Roma Glaze (2022-04-22)


1396090112554979612574084.jpgEverywhere in the world women live longer than men - but this was not always the case. The available data from rich countries shows that women didn't live longer than men in the 19th century. Why do women live so more than men do today, and why has this advantage increased in the past? We only have partial evidence and the evidence is not sufficient to reach an unambiguous conclusion. Although we know that there are biological, behavioral, and environmental factors which all play a part in women who live longer than men, we don't know how much each one contributes.

Independently of the exact weight, we know that at least a portion of the reason women live so much longer than men but not in the past, has to have to do with the fact that a number of important non-biological aspects have changed. These variables are evolving. Some are well known and relatively straightforward, like the fact that men smoke more often. Some are more complex. For example, تحاميل مهبلية there is evidence that in rich countries the female advantage increased in part because infectious diseases used to affect women disproportionately a century ago, so advances in medicine that reduced the long-term health burden from infectious diseases, especially for survivors, ended up raising women's longevity disproportionately.

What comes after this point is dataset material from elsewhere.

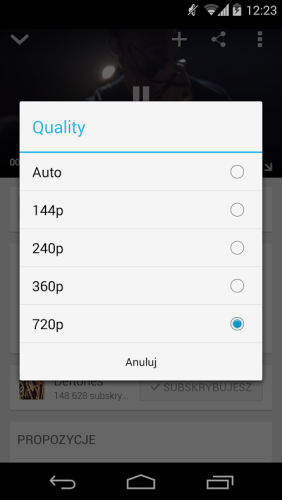 YouTube na Android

Everywhere in the world women tend to live longer than men
The first chart below shows life expectancy at birth for men and women. As we can see, all countries are above the diagonal parity line - this means in all countries the newborn girl is likely to live longer than a new boy.1

Interestingly, this chart shows that although the female advantage exists everywhere, the difference between countries is huge. In Russia women live 10 years longer than men, while in Bhutan the difference is just half a year.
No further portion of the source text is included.